The Restoring Internet Freedom order changes this. ISPs are allowed to throttle or block content under the new rules, according to NPR. And companies now may pay providers to prioritize their sites or content — as long as that payment is disclosed to consumers. The specifics of how these policies affect individual consumers depends on each consumer's ISP and where they live.
Net neutrality rules were approved by a 3-2 vote in 2015, then repealed in December, when the FCC voted along party lines to roll them back. Pai branded the net neutrality rules as too restrictive.
While activists and lawmakers have repeatedly brought up the slowing down of the internet in their work to stop the repeal of net neutrality, an analysis by The Washington Post says the changes are likely to be much more "subtle." The changes mean that ISPs will be able to "experiment with business models we haven't seen before," the newspaper continues.

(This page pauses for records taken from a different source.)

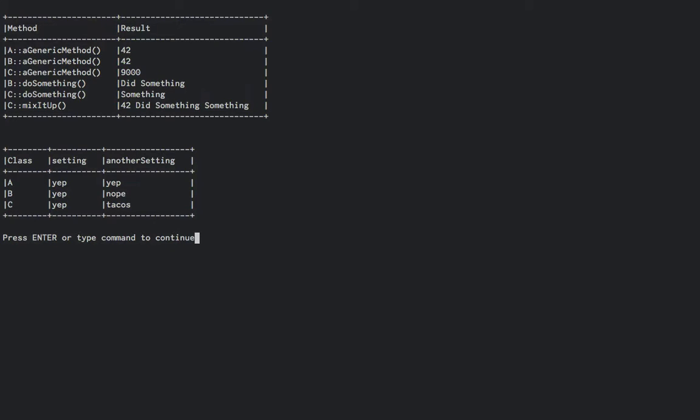Expectedly, A and B both output 42 for a generic method, since B does not overload a generic method, and C outputs 9000 since it did indeed overload the method. B do something outputs did something, and C outputs its overloaded definition of something.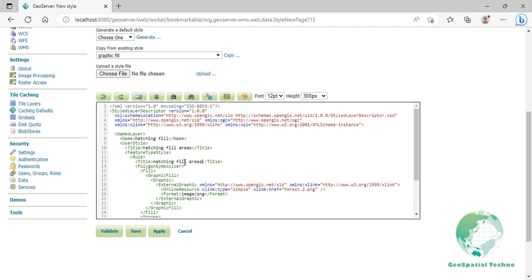To create a hatching-style polygon, you need to replace the external graphic element with the mark element as you see on the screen.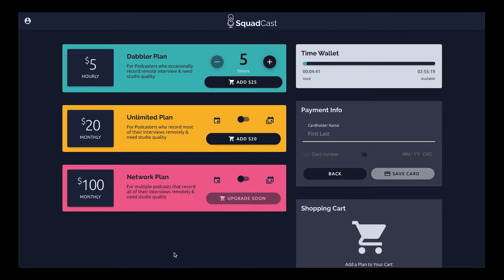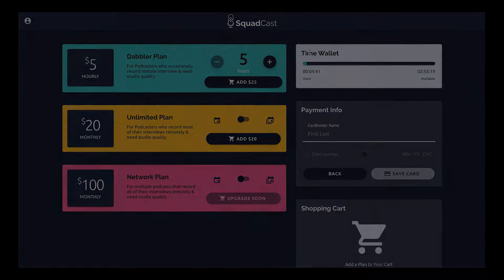The Dabbler plan is the newest option — it's billed hourly and kept track of in your Time Wallet. If you run out of time and already have a card on file, you're never going to be booted from a session. You'll just see messages letting you know you're running low on time, and we'll go ahead and add that time for you unless you opt out — so you always have that flexibility. That time never really goes away, so you don't have to worry about rollover or anything like that. The time is there for you to use whenever you see fit. So that is the new Dabbler plan, Unlimited, and Network plan — thank you.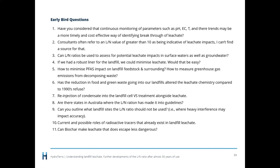Question four: If we had a robust liner for the landfill, would we be able to minimise leachate? This is a philosophical discussion that we could spend a lot of time on. All landfills should have a robust liner — whether clay-based, composite, or HDPE.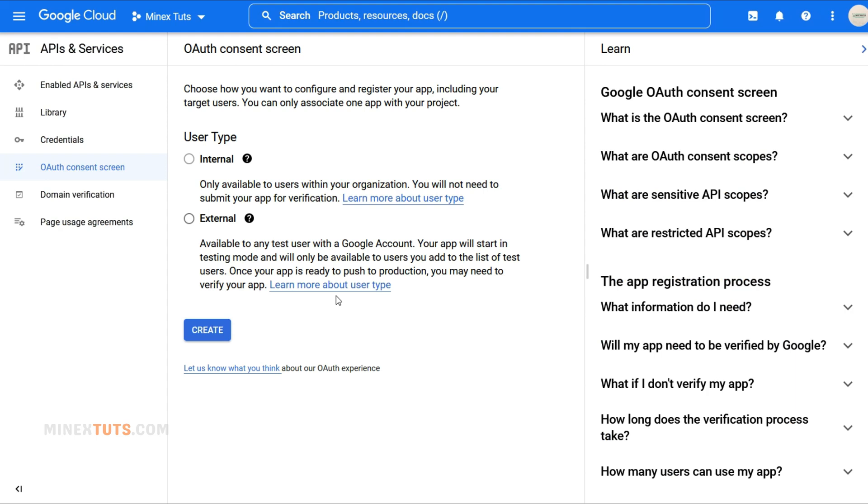First, you have to choose a user type according to your needs. We are going to create this app for external users to log into our website using their Google account, so select external as the user type and press the Create button to proceed.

In a YouTube video announcing the new order, Pai quickly details why and how he thinks the order will fit into the history of the internet. Pai even used the favorite phrase of conservative lawmakers and bureaucrats: free market. "All of us believe in a free and open internet. The internet is the greatest free market invention in history," Pai noted.
But Pai notes that the Clinton administration chose not to regulate the internet at its inception, and that this was the right move. The FCC under his chairmanship is going back to that era, he continued.

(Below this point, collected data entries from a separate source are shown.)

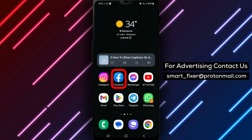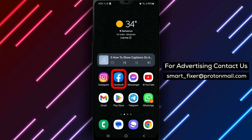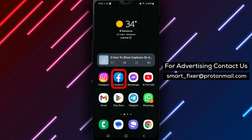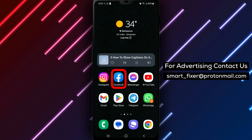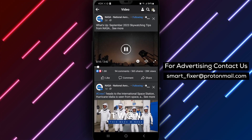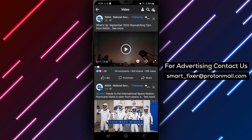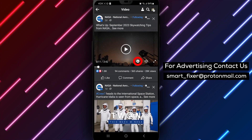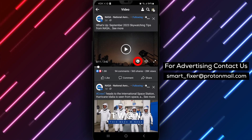Let's get started. Step 1: Open the Facebook app on your device and log into your account. Once you're logged in, you'll be directed to the Facebook home screen.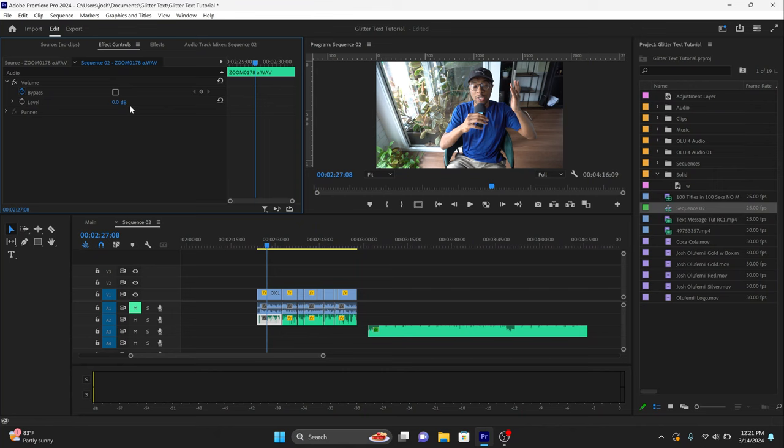Instead of going into effects controls and bumping up the volume on that specific clip, I'm going to do something special — I'm going to apply an effect to the actual track. Whether you're talking about video clips or audio clips, you're probably used to adding an effect on a specific clip. But if you apply an effect to an entire track, what you end up doing is actually affecting all of the clips on that track, so it makes editing audio crazy easier.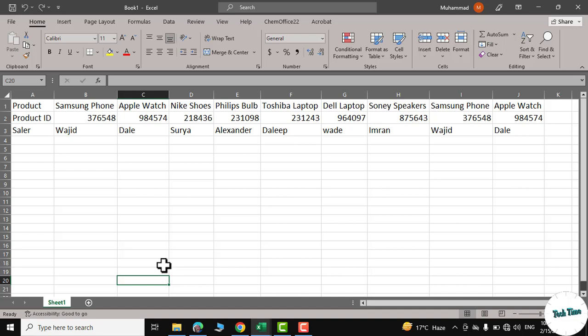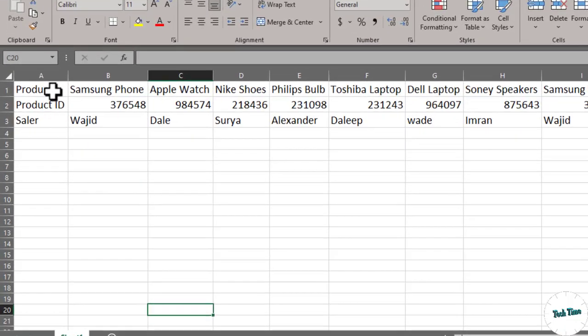Hello everyone. In today's video, we're going to look at the TRANSPOSE function in Microsoft Excel. I have some data here that looks a bit messy to me, and I think people would find it hard to understand what this data represents. You can see the first row represents product...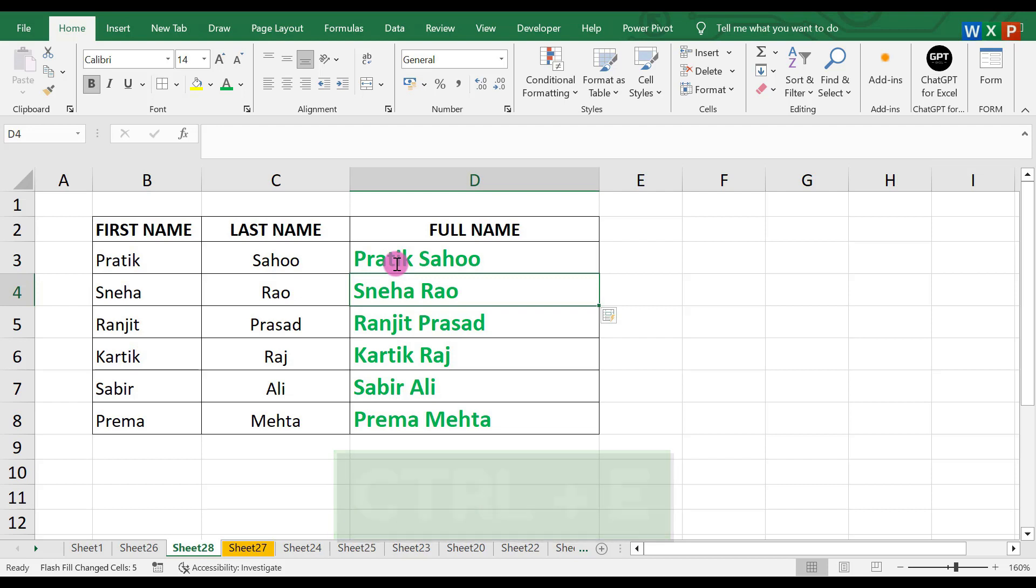In this way you can use the Flash Fill option in Excel. If you have a situation to fill Excel data like this, where you have to combine two words or something like that, you can use Flash Fill by simply pressing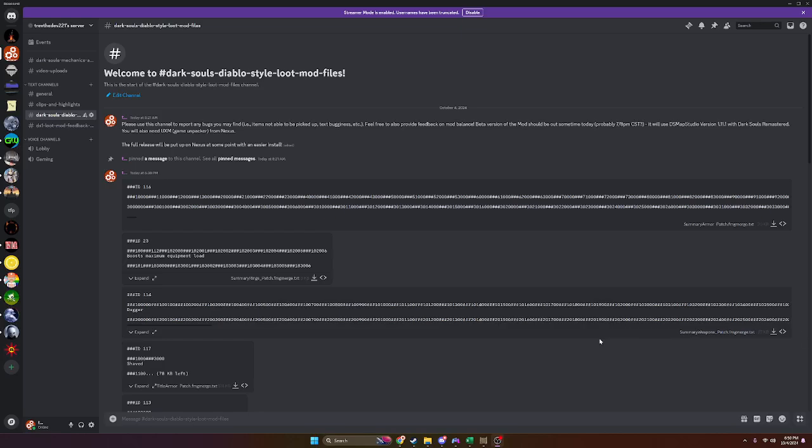How's it going everybody? Welcome here to the brief installation guide for the Dark Souls 1 Diablo Style Loot Mod Beta Version Installation Guide.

The first step toward the era of deregulation is repealing the Obama-era rules. "The 2015 decision to impose these heavy-handed, utility-style regulations on the internet was a mistake. For one thing, the internet wasn't broken in 2015," Pai said in the video, without any apparent hint of irony. "These rules were a solution in search of a problem."
Pai also attempted to cut off his detractors. "Under this rule, every internet service provider must clearly disclose its network practices up front to consumers," Pai said.
It remains to be seen if critics of net neutrality repeal will be swayed by the implementation of this new order. In fact, 21 states, Washington, D.C., and several other organizations have sued the FCC over the deregulation of net neutrality, according to The Washington Post. Furthermore, six governors have signed executive orders making it illegal for ISPs operating in their states to not follow the 2015 regulations, according to The Verge.
One of the most vocal and active critics of the repeal is Democratic Massachusetts Sen. Ed Markey. In February, Markey introduced legislation to reestablish the net neutrality rules.
According to The Verge, Markey then submitted a discharge petition under the Congressional Review Act alongside 32 other Democrats in early May to force a vote. That vote was successful on May 16 with 52 votes in favor of repeal, according to CNN.
The bill is now languishing in the House of Representatives under Republican Speaker of the House Paul Ryan. All 49 Senate Democrats signed a letter sent to Ryan on Thursday, urging him to hold a vote on the bill, according to The Hill.